First, we need to define what is meant by QE “didn’t work”.
QE as a policy is meant to generate inflation in the economy by printing money. On the surface, this sounds simple enough, after all everyone has a pretty good notion of what “printing money” means.
Unfortunately, the only simple part of that two word phrase is the word “printing”.
It turns out that Money, in this modern age, is not that easy to define.
Putting it very simply, money is anything that anyone accepts as payment for goods or services. Conversely, it follows that if not enough people accept something as payment, then it cannot be considered to be money.
Hold this thought while we dive a little deeper into the mechanics of the Fed’s QE programs.
In every iteration of QE, the Fed pays for the assets it purchases in bank reserves. Recall that bank reserves are not money.
However, the Fed thinks it is (they have yet to indicate otherwise).
Trillions of USDs worth of reserves have been pumped into the financial system as a result, simultaneously withdrawing the same notional amount of US Treasuries, mortgage backed securities, etc.
Hence, QE is nothing more than an asset swap, since banks are transferring fixed income instruments from the asset side of their balance sheet in exchange for reserves, which also sit on the asset side.
Nothing is created in the financial system in such a transaction – it’s pretty much the equivalent of moving stuff from one’s right pocket to their left one.

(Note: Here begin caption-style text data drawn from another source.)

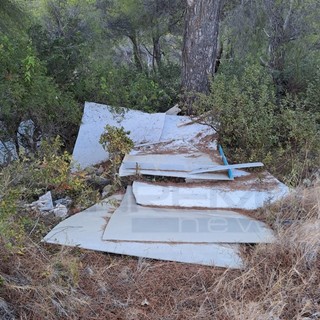 Ventimiglia: nuova segnalazione di una discarica abusiva in frazione Mortola, quando gli interventi? (Foto)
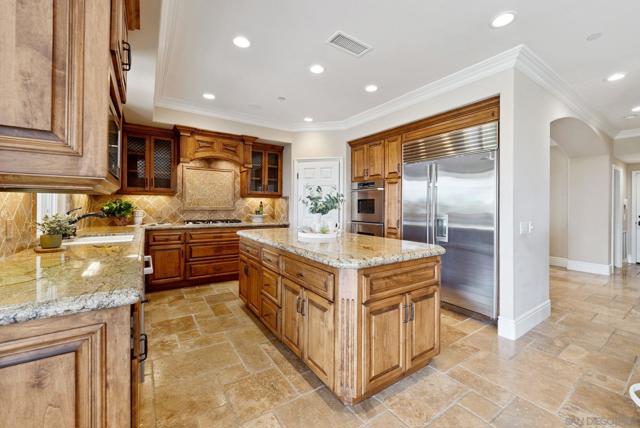 14351 Via Baroda, San Diego CA: https://media.crmls.org/mediaz/f8bfca21-d2a7-4a51-adc1-20c132af0be7.jpg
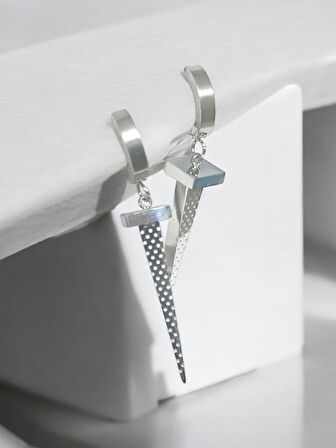 Kadın Çelik Ters Piramit Şeklinde Tasarım Küpe Gümüş Renk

The reason the Fed continues these asset swaps is seemingly because of the incorrect mainstream belief that new money is created in the economy by banks loaning out bank reserves.
Banks do not loan out bank reserves, instead, banks create money in the economy ex nihilo .
Now, remember that these fixed income instruments, especially US Treasuries, are what the financial system uses as money. Given this new understanding, is it that surprising a decade of QE has not generated inflation meaningful enough for the Fed to hit its 2% target?

Using the Fed’s preferred inflation indicator, the PCE index (Personal Consumption Expenditure Chain Type Price Index), we can see that inflation has never really consistently come in above the target level of 2%.
Instead, after a promising sustained move higher post ‘08 and into mid 2012, the PCE has only been above 2% for two short stretches, in 2017 and 2018.
Even as bank reserves continue their upward trajectory with the Fed’s endless QE, inflation as measured by the PCE is stuck in a downtrend that began pre-2008.
Clearly ever more bank reserves are not the answer to the US economy’s problems, which begs the question: How can there be meaningful inflation as long as global central banks cling to QE as their savior?
Note: If “money”, what constitutes “money”, and how it is used and moved around the economy and financial system is a topic that interests you, it is well worth doing extensive further research. It will not take long before you realize that money is a much more intangible concept than the vast majority of people think it to be.